SoftDelete	A message was permanently deleted or deleted from the Deleted Items folder. Soft-deleted items are moved to the Recoverable Items folder.
Update	A message or any of its properties was changed.
UpdateCalendarDelegation	A calendar delegation was assigned to a mailbox. Calendar delegation gives someone else in the same organization permissions to manage the mailbox owner's calendar.
UpdateComplianceTag	A retention label was updated.
UpdateFolderPermissions	A folder permission was changed. Folder permissions control which users in your organization can access folders in a mailbox and the messages located in those folders.
UpdateInboxRules	An inbox rule was added, removed, or changed. Inbox rules process messages in the user's Inbox based on conditions.

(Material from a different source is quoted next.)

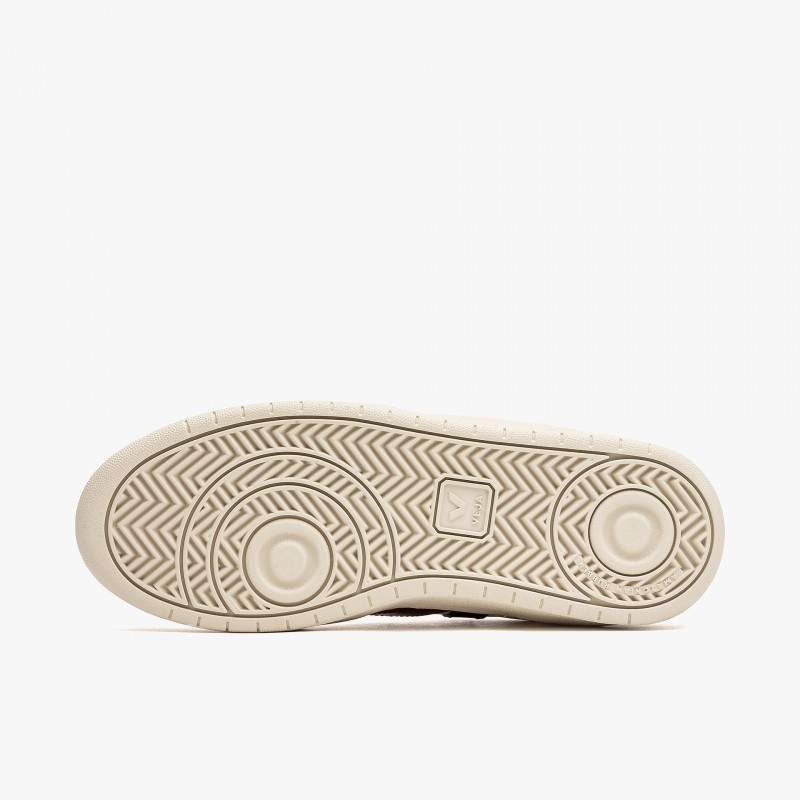 Veja V-10 CWL W - VX0703279 - Fuxia, Urban Tribes United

Actions specify what to do to messages that match the conditions of the rule. For example, move the message to a specified folder or delete the message.

Differences between SendAs and SendOnBehalf

SendAs - Recipient does not know who actually sent the message, appears to be from impersonated mailbox

SendOnBehalf - Recipient sees the sender, and who actually sent the message.

Important:

If you customized the mailbox actions to audit before mailbox auditing on by default was turned on in your organization, the customized mailbox auditing settings are preserved on the mailbox and aren't overwritten by the default mailbox actions as described in this section. To revert the audit mailbox actions to their default values (which you can do at any time), see the Restore the default mailbox actions section later in this article.